In scene two, Pitt and his wife take their children to school.

By scene three, zombies are running amok through the streets of Manhattan.


The speedy onset of disaster leaves Pitt and family scrambling for safety through the rest of act one; safety they find on a US navy ship in the middle of the ocean. They owe their rescue to Pitt's status as a renowned UN weapons inspector. Unfortunately the rescue also comes with responsibility. The army wants Pitt to accompany a Harvard scientist to various laboratories around the world, searching not for weapons this time, but for a cure to the deadly zombie disease.

Thus, World War Z doesn't really chronicle a war, but the search for a cure to a disease that has already devastated the world.
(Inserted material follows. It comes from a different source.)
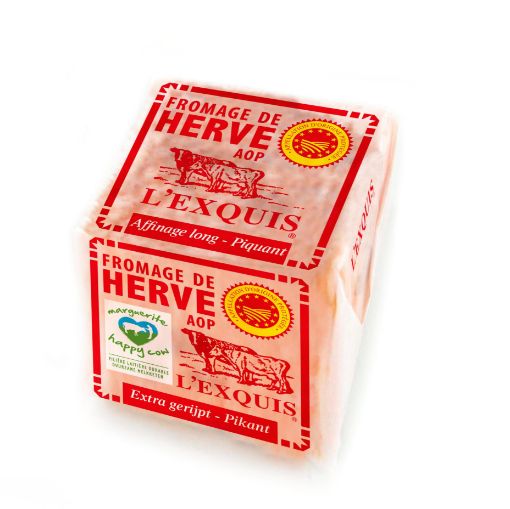 Image de HERVE PIQUANT 200GR - PC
There are definitely zombies, though. Lots of 'em.

The zombies are of the 28 Days Later run-at-you-fast school, which makes for some thrilling action sequences, though often at the expense of any feeling of dread.

And that sums up World War Z pretty well. It moves quickly, it's sometimes scary, almost always effective, but there isn't much real terror behind any of it.

Notoriously, the popular novel on which the movie is based has been completely scrapped. It had multiple viewpoints and heavy political leitmotifs, none of which play well at the summer box office.

So the character of Brad Pitt was invented, and it's just as well the actor was thrown into the mix, because in the absence of character revelation from the script, at least we know who the heck Brad Pitt is. (The movie would have been better if Angelina Jolie played the wife and the seven kids or whatever played themselves.)

Pitt doesn't do much acting. He brings tremendous energy to side characters like Lt. Aldo Raine of Inglourious Basterds, but when he's the main character he's usually pretty bland, as he is here.

There are plot problems -- notably a shocking lack of wall surveillance by the normally reliable Israeli military and a plane crash that leaves its survivors improbably close to their destination -- but they don't really matter since this is disposable summer entertainment, even if it's dressed a little snappier than we're used to seeing.

But it's passably good disposable summer entertainment, for whatever that's worth.